今回紹介するのはバラージュ・ボド(Balazs Bodo)の手になる2015年の論文(pdf)だ。題して “Libraries in the post-scarcity era”(「ポスト稀少性時代における図書館」)。アブストラクト(要旨)を引用しておくとしよう。

デジタル時代の到来に伴って電子書籍のコピーがあちこちに蔓延るに至っている。そのために本は最早稀少な資源とは言えなくなっており、図書館は熾烈な競争に晒されているのが現状である。知識への低コストでのアクセスを可能にする図書館のライバル(競争相手)は数多いが、そのうちの一つが「影の図書館」(shadow libraries)――著作権で保護された作品の海賊版電子ファイル(不正コピー)を大量に集めたネット上のサイトで世界中のすべての人々に大抵は無料でファイルの閲覧(とダウンロード)を許している――である。「影の図書館」はまだ決して普遍的な形態とは言えないが、いくつかのサービスの質にしても利用者の数にしても使い勝手の良さにしても大方の公共図書館や研究図書館を凌駕している。
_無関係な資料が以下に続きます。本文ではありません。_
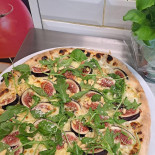 Express Pizza Nourriture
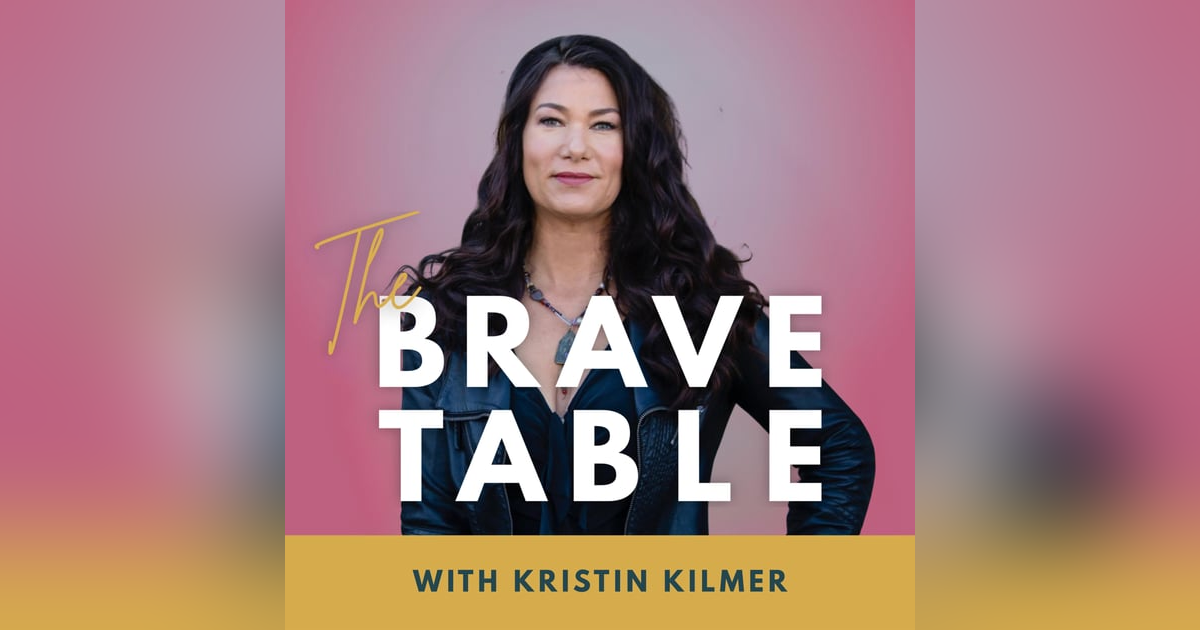 391: Are You Living in a Toxic Space? Here’s How to Fix It with Kristin Kilmer 391: Are You Living in a Toxic Space? Here’s How to Fix It with Kristin Kilmer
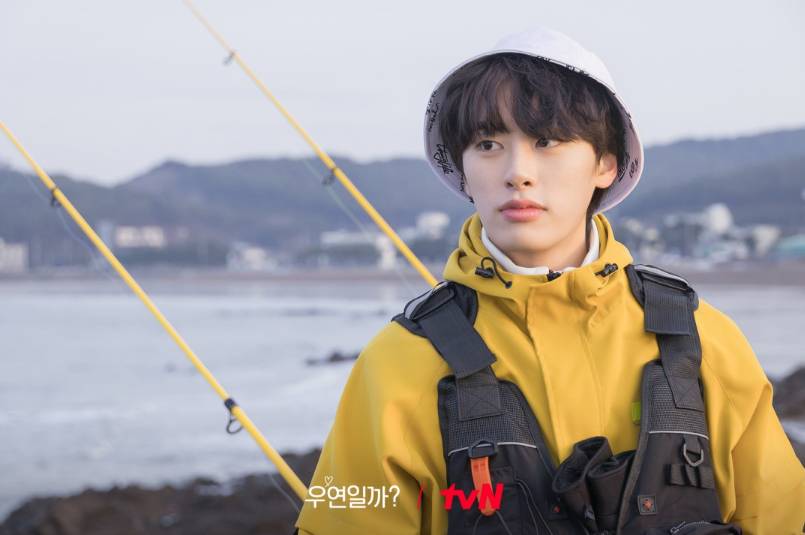 cuplikan drama Serendipity's Embrace (dok. tvN/Serendipity's Embrace)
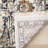 Rojas Oriental Indoor Rug-263472655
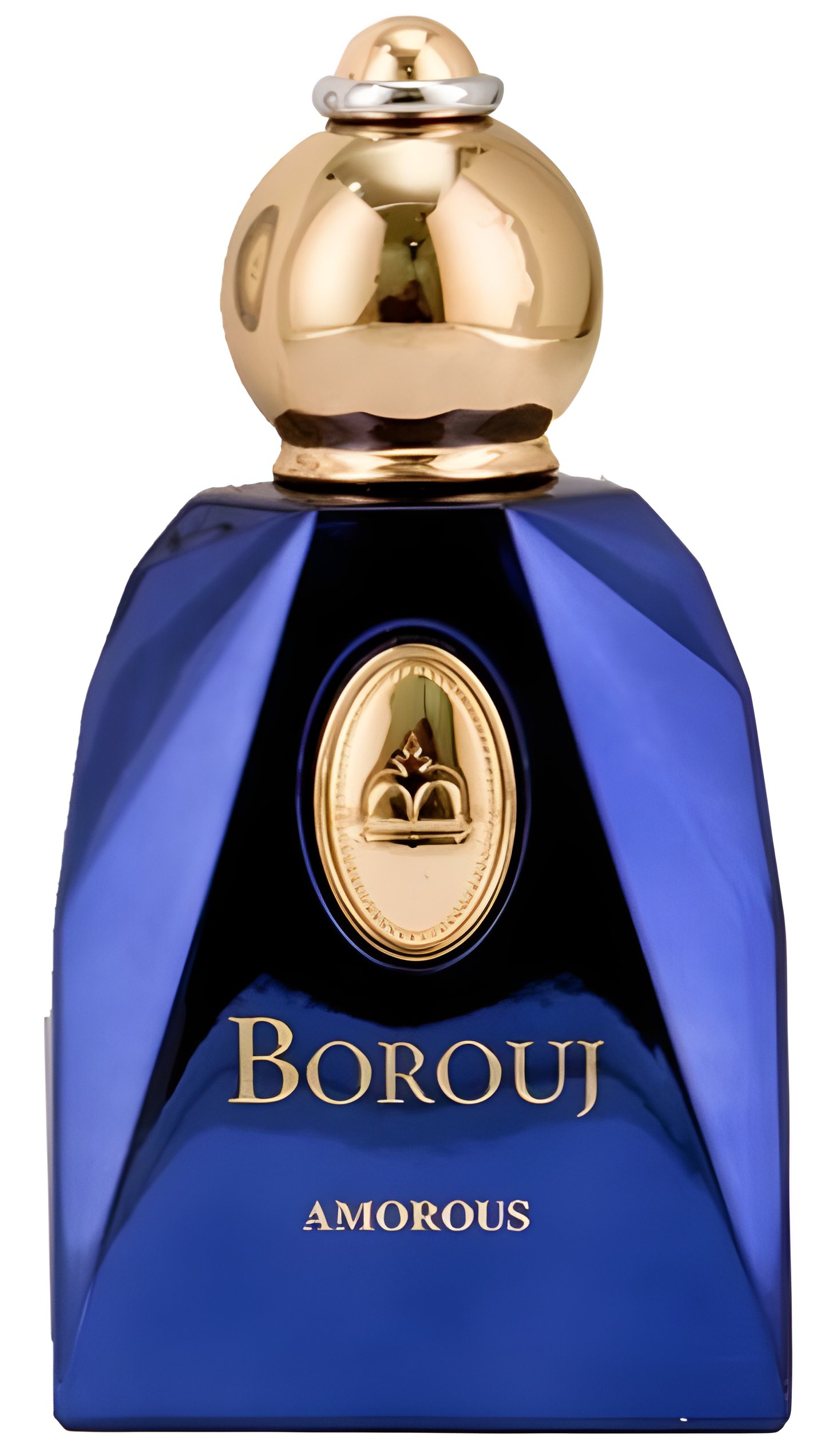 Picture of Amorous fragrance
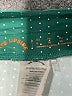 The Upside Houndstooth Green Casual Pants Size EU 36 / US 6 - photo 7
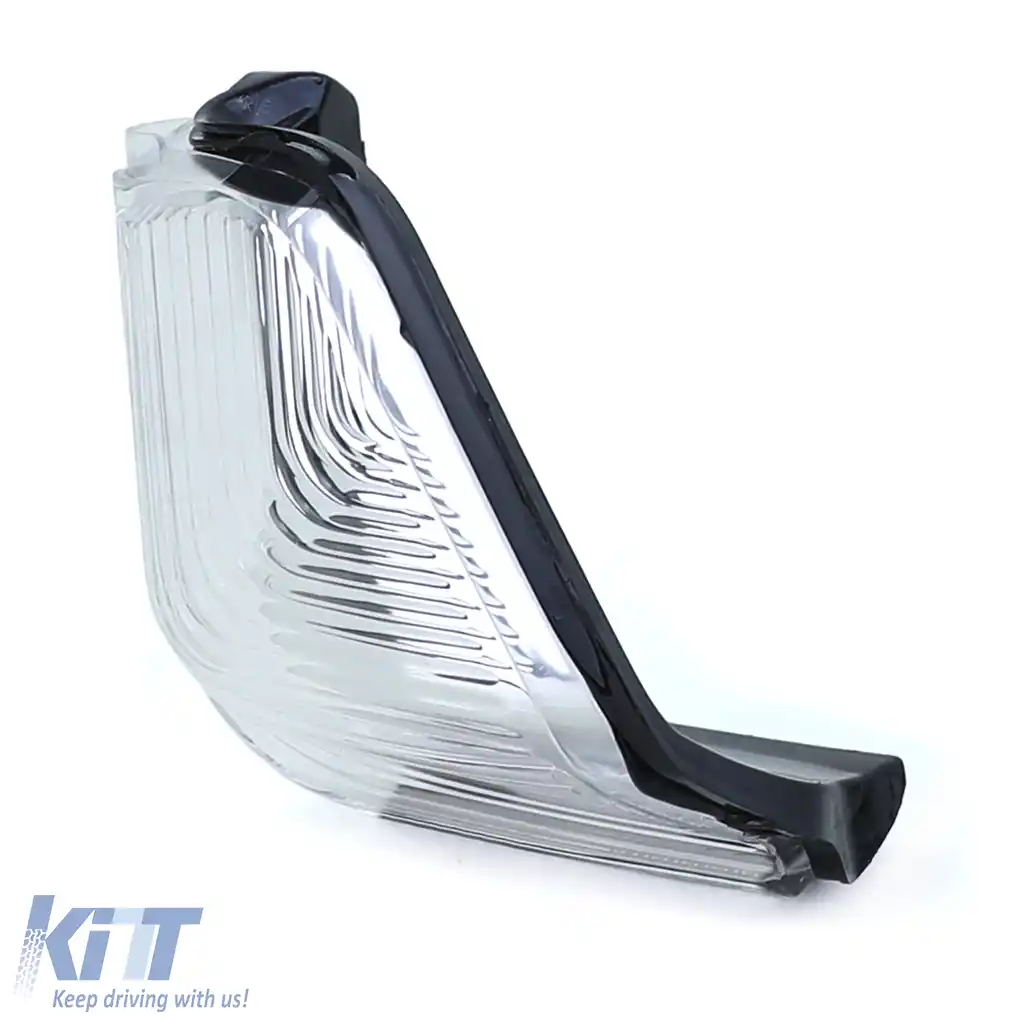 Indicator de oglindă exterioară dreapta, potrivit pentru Mercedes Sprinter W906 + Crafter din 06-image-6194320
本の愛好者が自分たちで好きなように図書館を作れる手段を手にしたとしたら、通常の図書館が従っている制約(法的、組織的、経済的な制約)に縛られることなく自分たちで好きなように図書館を作れるとしたら、一体どんな図書館が出来上がるだろうか? 本稿ではその疑問への答えの手がかりを得るためにインターネット上にある最大手の(科学書専門の)「影の図書館」の一つに焦点を定めてその沿革と内幕にメスを入れる。図書館の未来の姿については色々な可能性が考えられるが、そのうちの一つが「影の図書館」であり本の読者が電子版の書籍の保存方法・管理方法・配布方法についてどんな期待を抱いているかについて21世紀版の海賊行為(著作権侵害)から学べることは多いというのが本稿の主張である。

論文ではロシアにある分権的でデジタル化された「ゲリラ」図書館――特に海賊版サイトの「Aleph」――についての話題が大半を占めているが、本の読者が心の底で本当に求めているものが何なのかを知る上で「ゲリラ」図書館からどんなことが学べるかが探られている。目の付け所が鋭くて実に独創的な論文だ。

件の論文はMichael Rosenwald経由で知ったものだ。感謝する次第。